TASK DESCRIPTION.
Below is a block of entries; repeat exactly the lines starting at the line that contains "الـساحة ستنتــصر ولن تستطيع ذلك،" and ending at the line that contains "- الإمام روح الله الخُميني قُدّس الله سُرّه.", both included.

ENTRIES SHOWN.
◆ ◆ ◆

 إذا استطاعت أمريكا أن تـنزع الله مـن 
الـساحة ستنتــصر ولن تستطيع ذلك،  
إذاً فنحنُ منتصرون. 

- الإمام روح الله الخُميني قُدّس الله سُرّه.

◆ ◆ ◆

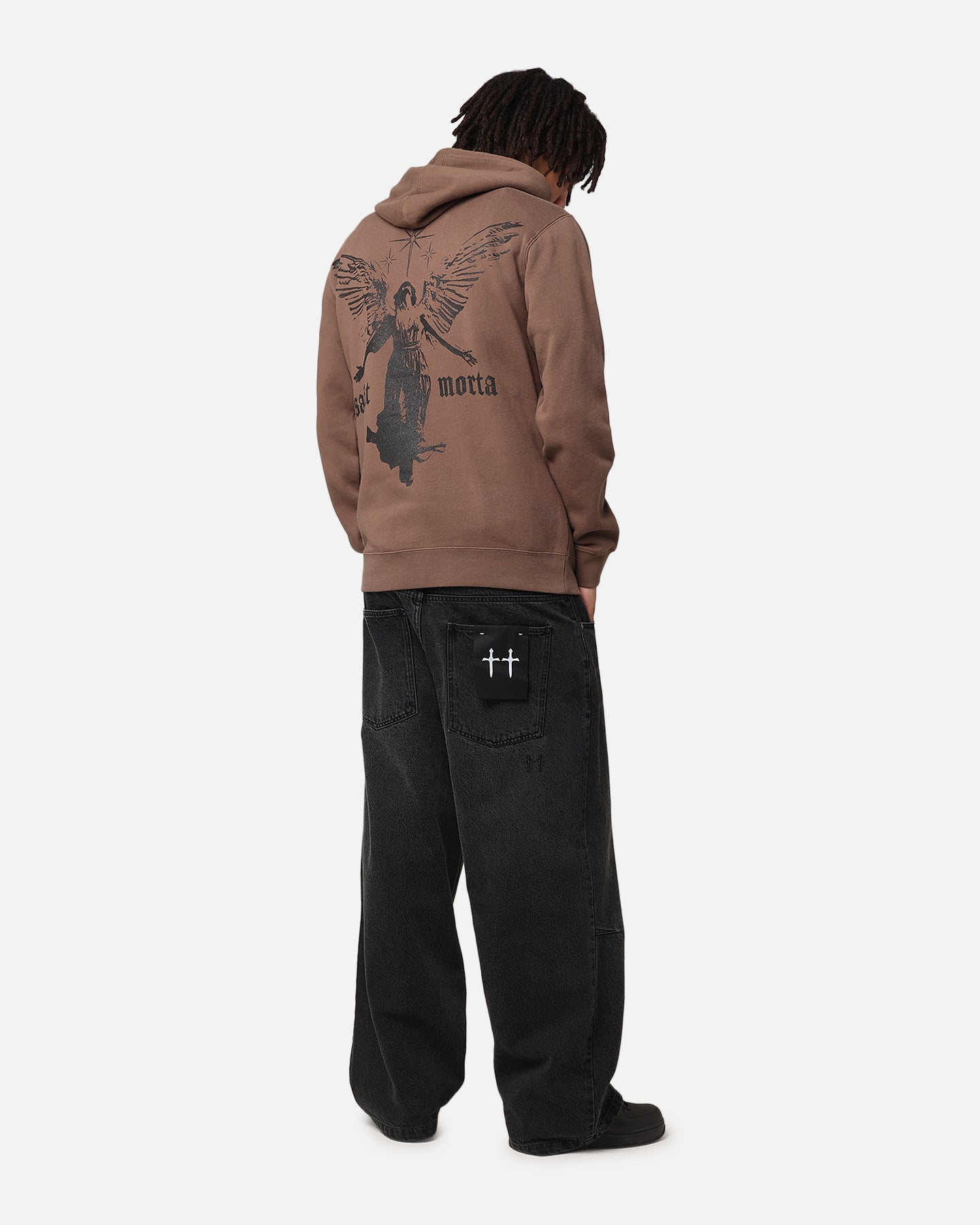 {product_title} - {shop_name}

◆ ◆ ◆

EXERCISE RESULT.
الـساحة ستنتــصر ولن تستطيع ذلك،  
إذاً فنحنُ منتصرون. 

- الإمام روح الله الخُميني قُدّس الله سُرّه.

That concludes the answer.